* Information provided
== Segment start ==

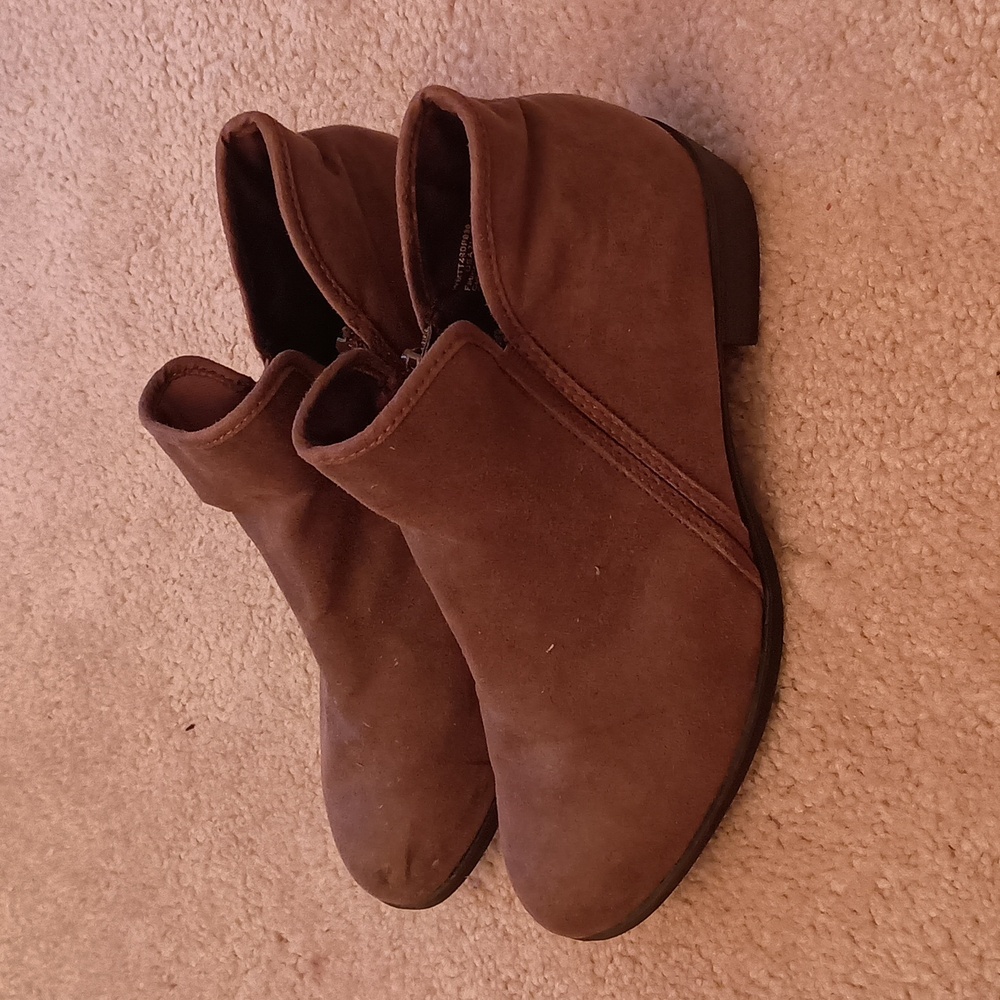 Time and true women ankle boots 7.5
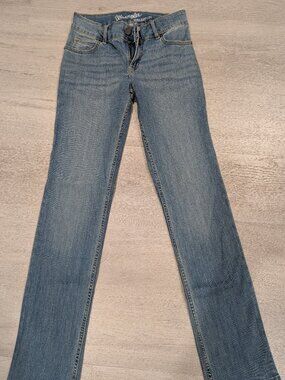 Wrangler Mid Wash Straight Leg Jeans - NWOT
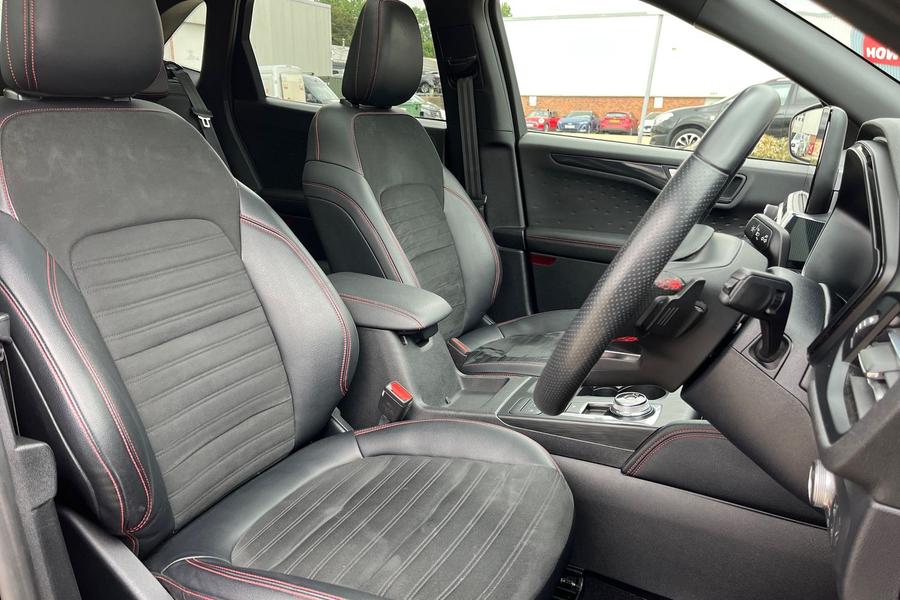 Ford Kuga Photo autoimg-c50363a1681912e26f19fa063450978a644aa784.jpg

== Segment end ==

* Work task
Send back every line of the listing exactly. Omit the images.

* Written solution
 Time and true women ankle boots 7.5
 Wrangler Mid Wash Straight Leg Jeans - NWOT
 Ford Kuga Photo autoimg-c50363a1681912e26f19fa063450978a644aa784.jpg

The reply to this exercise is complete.